At first, the White House mobilized every means possible to defeat [grassroots nuclear] freeze referendums, but it gradually abandoned its bellicose rhetoric and moved steadily toward serious negotiations with the Soviet Union. "Ronald Reagan came into office on a Republican platform explicitly pledging the new government to achieve 'technological and military superiority' over the Soviet Union," explains David Cortright, a leader of SANE and SANE-Freeze in the eighties. "Popular culture became increasingly antinuclear as the freeze movement swept the country. Faced with this unreceptive political climate, the Reagan Administration largely abandoned its harsh rhetoric and quietly dropped the concept of superiority."

 

The collapse of the Soviet Union and of single-party rule in Eastern Bloc states did not solve all of those countries' problems.  In some cases, the introduction of an unregulated market economy resulted in crises of corruption and inequality that themselves have been threats to democracy.

Those pushing for true democracy in the Soviet Union and other states now contend with oligarchs who use their connections to corrupt state officials for their own profit. As Andrew Mueller writes for The Guardian:

[I]n the chaos that followed the collapse of the Soviet Union, the state-owned assets and resources of the superpower were snapped up by a tiny group of smart, ruthless, ambitious and well-connected men, who abruptly joined the ranks of the very richest people in history....

The rise of the oligarchs was one of many grotesque results of Russia's transformation to capitalism—a shift managed so ineptly that many Russians ended up nostalgic for communism. The oligarchs, idiotically rich in a country that was largely poor, and given to parading their wealth in a manner that makes American hip-hoppers look like an especially reticent community of Amish farmers, could certainly have given any former Soviet citizen pause to wonder, as he queued for beetroot, what the proletarian revolution had been for.

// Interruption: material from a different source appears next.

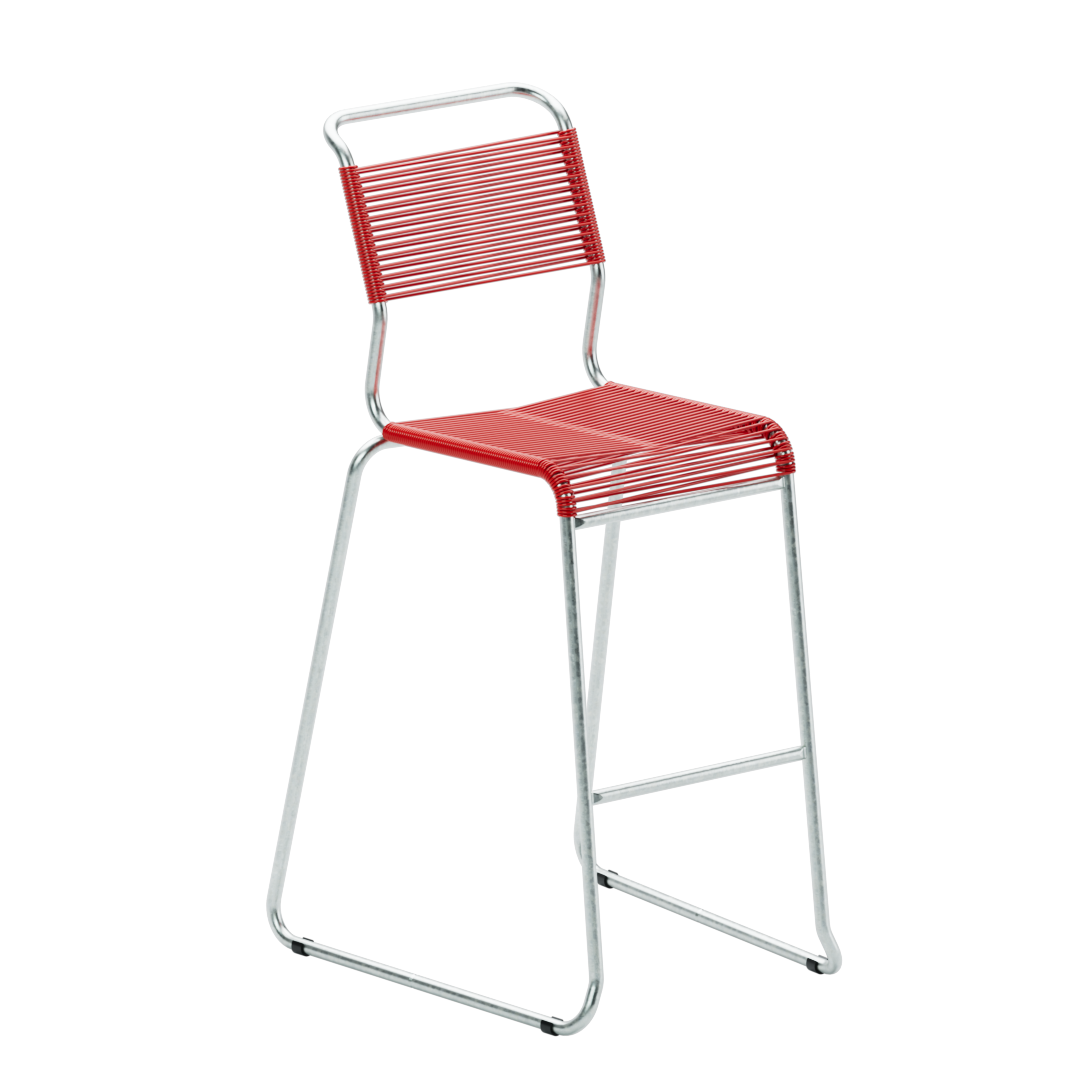 Spaghetti Barstuhl rot mit Kufen - Sëntis Design Hocker für Küche & Bar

The oligarchs, not content with buying companies, villas, yachts, planes and the most beautiful of Russia's beautiful women, also bought power. In 1996, they connived to engineer the re- election of the politically and physically ailing Boris Yeltsin. In 2000, they helped steer Yeltsin's successor into power—Vladimir Putin, a saturnine former spook with the KGB.


For residents of the former East Germany, a transition to multiparty democracy faced fewer obstacles. German reunification meant that the East was reabsorbed by a country with a strong, stable economic base and a social democratic political tradition. As a result, Germans have fared better than many others in the former Soviet bloc, who today, a full 25 years after the fall of the Berlin Wall, continue to struggle for genuine democracy and economic justice.
 

For Discussion:

  1. How much of the material in this reading was new to you, and how much was already familiar? Do you have any questions about what you read?
     
  2. What are some of the things left out of conventional American accounts of the fall of the Berlin Wall and the end of the Cold War?
     
  3. John Tirman argues that anti-nuclear activists played a critical role in slowing the nuclear arms race and facilitating the Cold War's end. What do you think of his argument?
     
  4. Despite the end of the Cold War, a struggle for genuine democracy and economic justice persists in many former Eastern Bloc countries. What challenges are residents of these countries now facing?